The Iliad shows the life of Aeneas , the son of Aphrodite and Anchises, as a grown man. Aeneas is at war with his enemy, on the battlefield, Aeneas holds before him the perfect circle of his shield and the spear and raging to cut down any man who might come to face him, crying a terrible cry. But Tydeus’ son in his hand caught up a huge thing which no two men could carry such as men are now, but by himself he lightly hefted it. The thing hits Aeneas in the hip and smashes and breaks the tendons, and the fighter (Aeneas) dropped to the floor. But his caring mother comes to take care of her child.

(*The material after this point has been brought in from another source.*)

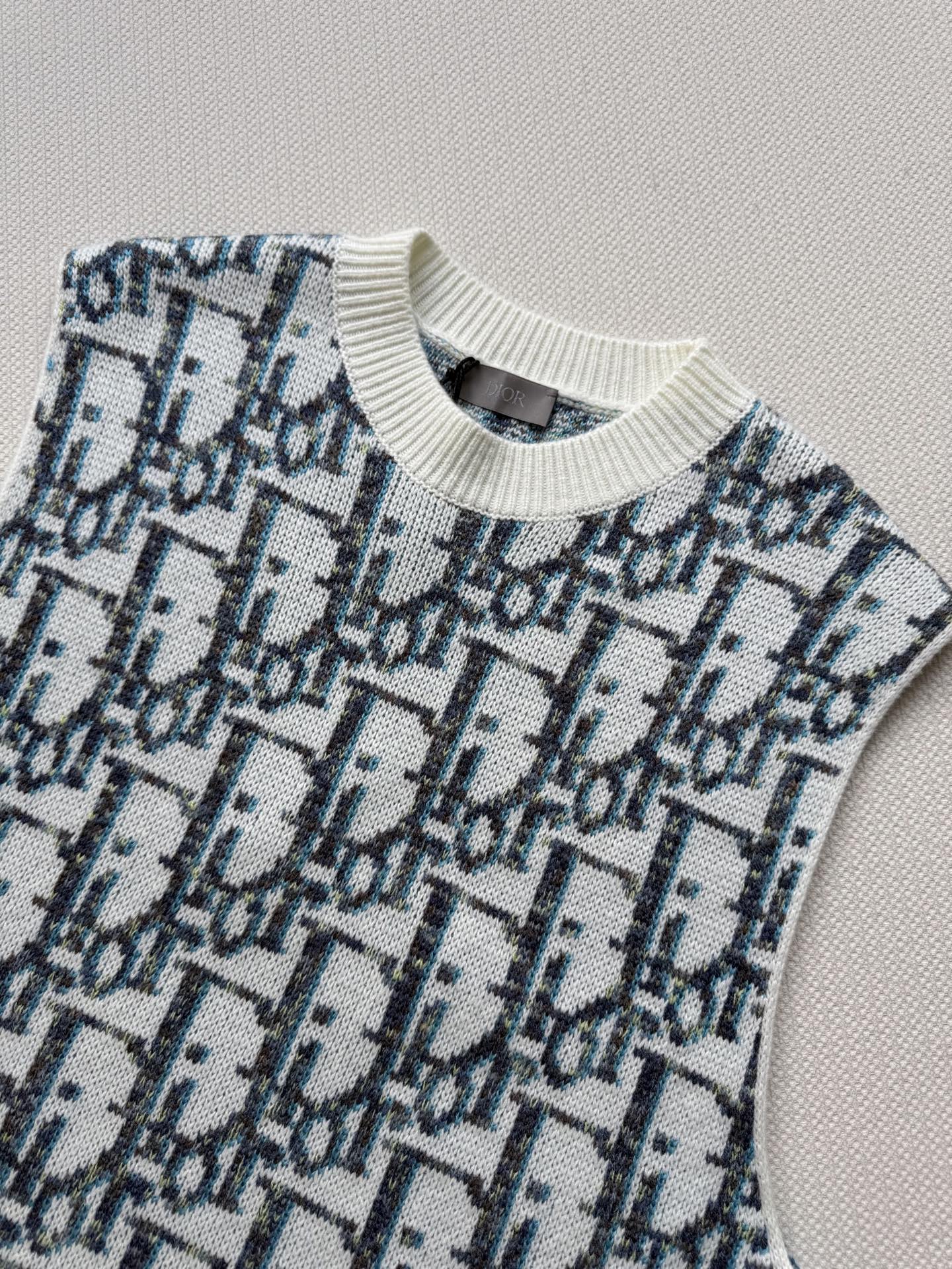 DIOR*25 Women's Wool Vest: Relaxed Fit with Embroidered Logo - S, M, L 5 i1753508058269 5762 0 3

The myth states, “Now in this place Aineias (Aeneas) lord of men might have perished had not Aphrodite, Zeus’ daughter, been quick to perceive him, his mother, who had borne him to Anchises the ox-herd and about her beloved son came streaming her white arms, and with her white robe thrown in a fold in front she shielded him”(pg.55). So she stops the death of her son with no regard to her own well-being for it is known that Aphrodite is the goddess of love and not the goddess of war. As her father, Zeus, says in the Iliad “No, my child, not for you are the works of warfare. Rather concern yourself only with the lovely secrets of marriage” (pg. 57). So as she carries her son out of the fighting, she is attacked by her son’s enemy and is wounded. She is then able to get back to Olympus and speaks to her mother. As she was telling her mother the events that has just occurred she said about her son “I was carrying my beloved son out of the fighting, Aineias who beyond all else in the world is dear to me” (pg. 65). The words Aphrodite uses to describe her son and the situation shows the love she has for her son. She risks her own life to save her son from further injury and possible death. That is what any mother would do for the child she loves.
Aphrodite is the goddess figure of sex and love in Greek mythology and may be seen as the most feminine of the Greek goddesses. Without either of these two aspects sex and love, the prosperity of the earth including animals, human and plant life would not be possible. She is probably the most maternal of all the goddesses not just because of her own maternal life (birth to son, caring of son) but because of all her strengths and influences in love and lust which everyone and everything is subjected to.